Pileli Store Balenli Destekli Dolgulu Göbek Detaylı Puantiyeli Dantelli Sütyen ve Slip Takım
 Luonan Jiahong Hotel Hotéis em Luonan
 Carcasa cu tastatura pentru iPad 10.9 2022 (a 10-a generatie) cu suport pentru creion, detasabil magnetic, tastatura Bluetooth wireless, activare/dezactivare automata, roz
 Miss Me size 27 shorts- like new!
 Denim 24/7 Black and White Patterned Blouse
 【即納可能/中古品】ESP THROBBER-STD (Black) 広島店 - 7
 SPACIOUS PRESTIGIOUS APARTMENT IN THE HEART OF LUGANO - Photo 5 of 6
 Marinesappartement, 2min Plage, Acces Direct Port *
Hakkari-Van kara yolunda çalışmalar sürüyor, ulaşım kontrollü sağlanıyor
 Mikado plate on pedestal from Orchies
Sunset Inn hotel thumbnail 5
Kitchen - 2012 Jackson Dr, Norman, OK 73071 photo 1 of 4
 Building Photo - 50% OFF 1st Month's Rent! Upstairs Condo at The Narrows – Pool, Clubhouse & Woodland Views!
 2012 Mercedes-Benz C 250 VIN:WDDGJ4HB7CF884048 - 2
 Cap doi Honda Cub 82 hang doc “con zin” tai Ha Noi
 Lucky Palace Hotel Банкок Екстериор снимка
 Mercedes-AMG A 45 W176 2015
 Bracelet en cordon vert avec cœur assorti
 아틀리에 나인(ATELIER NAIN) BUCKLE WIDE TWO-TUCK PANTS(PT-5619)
--
Task requirements:
In the records above, find the line containing "SPACIOUS PRESTIGIOUS APARTMENT" and print it and every later line exactly, through the last one.

Output:
 SPACIOUS PRESTIGIOUS APARTMENT IN THE HEART OF LUGANO - Photo 5 of 6
 Marinesappartement, 2min Plage, Acces Direct Port *
Hakkari-Van kara yolunda çalışmalar sürüyor, ulaşım kontrollü sağlanıyor
 Mikado plate on pedestal from Orchies
Sunset Inn hotel thumbnail 5
Kitchen - 2012 Jackson Dr, Norman, OK 73071 photo 1 of 4
 Building Photo - 50% OFF 1st Month's Rent! Upstairs Condo at The Narrows – Pool, Clubhouse & Woodland Views!
 2012 Mercedes-Benz C 250 VIN:WDDGJ4HB7CF884048 - 2
 Cap doi Honda Cub 82 hang doc “con zin” tai Ha Noi
 Lucky Palace Hotel Банкок Екстериор снимка
 Mercedes-AMG A 45 W176 2015
 Bracelet en cordon vert avec cœur assorti
 아틀리에 나인(ATELIER NAIN) BUCKLE WIDE TWO-TUCK PANTS(PT-5619)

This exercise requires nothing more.